Re: kernel 4.15.7/64bit, C3600 is unstable during heavy I/O on PCI
* Carlo Pisani <email@example.com>:
> I have created and applied the following patch
> testing the kernel with heavy I/O seems now stable
> my C3600 is still under testing, moving chunks of 500Mbyte and compiling gcc-v6
--- drivers/parisc/lba_pci.c 2018-01-28 22:20:33.000000000 +0100
+++ drivers/parisc/lba_pci.c 2018-03-15 12:26:44.839894952 +0100
@@ -1405,7 +1405,7 @@
/* Set HF mode as the default (vs. -1 mode). */
stat = READ_REG32(d->hba.base_addr + LBA_STAT_CTL);
- WRITE_REG32(stat | HF_ENABLE, d->hba.base_addr + LBA_STAT_CTL);
+ WRITE_REG32(stat & ~HF_ENABLE, d->hba.base_addr + LBA_STAT_CTL);
** Writing a zero to STAT_CTL.rf (bit 0) will clear reset signal
That's the patch from Kyle:
which comes out of this mail thread:
specifically with those notes:
"bus timeout" usually means we tried to read an address that doesn't
respond. that is, nothing on the bus accepted the transaction for it,
so it timed out and HPMC'd the box.
what you really need is the IIR, and the address it tried to access
(both the kernel vaddr which will be in the register, and the "system
requester address" from the hpmc dump which will be the physical address
not sure why the hpmc handler is getting skipped, that's a little weird.

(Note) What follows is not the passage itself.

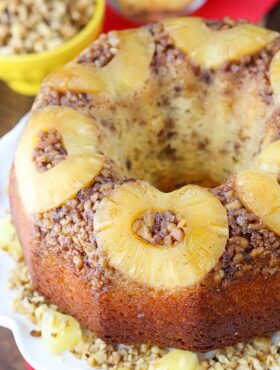 Pineapple Walnut Upside Down Bundt Cake on cake stand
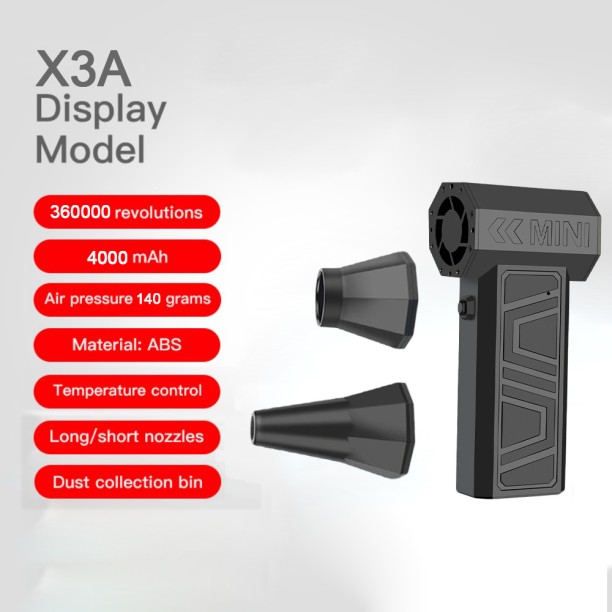 Max (Standard Black)Portable Handheld Violent Blowers 360000RPM Mini Turbo Jet Fan High-speed Vacuum Dust Leaf Blower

you can try hacking elroy to set softfail mode on that bus, which will
result in a timeout on the pci bus to return -1 (like what x86 and most
other architectures do) rather than hang the box, but it really likely
means a driver bug.
So, you change LBA to return -1 instead of faulting via HPMC which is
of course one work-around to avoid the HPMC.
But could you try to check the driver instead?
You run this SATA controller:
01:05.0 RAID bus controller: VIA Technologies, Inc. VT6421 IDE RAID
Can you maybe try to localize where in the drivers/ata/sata_via.c driver
triggers the HPMC ?
--- arch/parisc/kernel/hpmc.S 2018-01-28 22:20:33.000000000 +0100
+++ arch/parisc/kernel/hpmc.S 2018-03-15 14:13:46.611969815 +0100
@@ -308,4 +290,5 @@
- .word .os_hpmc_end-.os_hpmc
+ /* .word .os_hpmc_end-.os_hpmc */
+ .word (.os_hpmc_end - .os_hpmc) * 4 /* sizeof(u32) */
This one seems wrong.
I think you just didn't hit a HPMC with your first patch, and as such
this patch has no influence...